▶ [Task brief]
Please give back, word for word, only the lines starting at the one containing "Used 2021 Subaru" and ending at the one containing "Antalya'da 'Portakal Çiçeği" within the material below.

=== Begin Enclosure ===

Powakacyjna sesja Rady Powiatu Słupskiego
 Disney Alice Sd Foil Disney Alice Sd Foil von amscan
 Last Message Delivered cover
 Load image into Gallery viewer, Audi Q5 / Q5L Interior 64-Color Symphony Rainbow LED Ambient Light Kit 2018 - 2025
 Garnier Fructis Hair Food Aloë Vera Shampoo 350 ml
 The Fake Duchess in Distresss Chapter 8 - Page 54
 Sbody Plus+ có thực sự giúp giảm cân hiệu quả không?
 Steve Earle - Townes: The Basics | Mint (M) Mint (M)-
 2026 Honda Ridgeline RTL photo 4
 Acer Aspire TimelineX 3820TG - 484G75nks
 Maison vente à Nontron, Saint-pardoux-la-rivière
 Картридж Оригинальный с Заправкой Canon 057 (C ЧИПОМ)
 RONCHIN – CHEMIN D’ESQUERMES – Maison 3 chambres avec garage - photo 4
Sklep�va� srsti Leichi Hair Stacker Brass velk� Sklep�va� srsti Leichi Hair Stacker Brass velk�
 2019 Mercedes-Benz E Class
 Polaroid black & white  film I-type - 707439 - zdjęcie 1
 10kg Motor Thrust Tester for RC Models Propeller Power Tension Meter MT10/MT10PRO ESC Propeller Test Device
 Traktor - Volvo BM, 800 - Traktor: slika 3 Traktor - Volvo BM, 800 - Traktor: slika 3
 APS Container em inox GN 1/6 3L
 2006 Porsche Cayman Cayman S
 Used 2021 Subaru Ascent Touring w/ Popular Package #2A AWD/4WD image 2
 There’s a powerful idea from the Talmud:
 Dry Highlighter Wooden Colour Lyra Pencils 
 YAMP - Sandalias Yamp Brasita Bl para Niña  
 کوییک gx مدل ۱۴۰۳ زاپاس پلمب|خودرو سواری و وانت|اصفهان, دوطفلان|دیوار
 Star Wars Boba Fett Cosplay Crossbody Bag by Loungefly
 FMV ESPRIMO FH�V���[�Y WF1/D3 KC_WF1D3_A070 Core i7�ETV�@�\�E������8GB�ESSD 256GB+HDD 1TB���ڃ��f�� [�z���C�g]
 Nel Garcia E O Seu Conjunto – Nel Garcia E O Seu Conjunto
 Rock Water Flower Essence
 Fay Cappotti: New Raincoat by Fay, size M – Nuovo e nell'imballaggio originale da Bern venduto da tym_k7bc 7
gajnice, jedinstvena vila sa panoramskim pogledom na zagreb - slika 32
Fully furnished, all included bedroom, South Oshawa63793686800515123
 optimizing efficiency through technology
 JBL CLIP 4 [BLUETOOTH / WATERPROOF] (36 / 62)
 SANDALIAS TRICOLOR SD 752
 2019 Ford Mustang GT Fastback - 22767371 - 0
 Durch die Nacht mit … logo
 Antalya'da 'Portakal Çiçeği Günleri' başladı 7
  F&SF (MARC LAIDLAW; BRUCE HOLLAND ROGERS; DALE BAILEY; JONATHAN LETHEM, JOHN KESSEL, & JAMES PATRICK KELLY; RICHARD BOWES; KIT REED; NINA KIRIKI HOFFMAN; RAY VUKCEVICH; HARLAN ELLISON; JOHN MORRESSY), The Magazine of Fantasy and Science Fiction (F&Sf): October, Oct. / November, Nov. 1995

=== End Enclosure ===

▶ [Task solution]
 Used 2021 Subaru Ascent Touring w/ Popular Package #2A AWD/4WD image 2
 There’s a powerful idea from the Talmud:
 Dry Highlighter Wooden Colour Lyra Pencils 
 YAMP - Sandalias Yamp Brasita Bl para Niña  
 کوییک gx مدل ۱۴۰۳ زاپاس پلمب|خودرو سواری و وانت|اصفهان, دوطفلان|دیوار
 Star Wars Boba Fett Cosplay Crossbody Bag by Loungefly
 FMV ESPRIMO FH�V���[�Y WF1/D3 KC_WF1D3_A070 Core i7�ETV�@�\�E������8GB�ESSD 256GB+HDD 1TB���ڃ��f�� [�z���C�g]
 Nel Garcia E O Seu Conjunto – Nel Garcia E O Seu Conjunto
 Rock Water Flower Essence
 Fay Cappotti: New Raincoat by Fay, size M – Nuovo e nell'imballaggio originale da Bern venduto da tym_k7bc 7
gajnice, jedinstvena vila sa panoramskim pogledom na zagreb - slika 32
Fully furnished, all included bedroom, South Oshawa63793686800515123
 optimizing efficiency through technology
 JBL CLIP 4 [BLUETOOTH / WATERPROOF] (36 / 62)
 SANDALIAS TRICOLOR SD 752
 2019 Ford Mustang GT Fastback - 22767371 - 0
 Durch die Nacht mit … logo
 Antalya'da 'Portakal Çiçeği Günleri' başladı 7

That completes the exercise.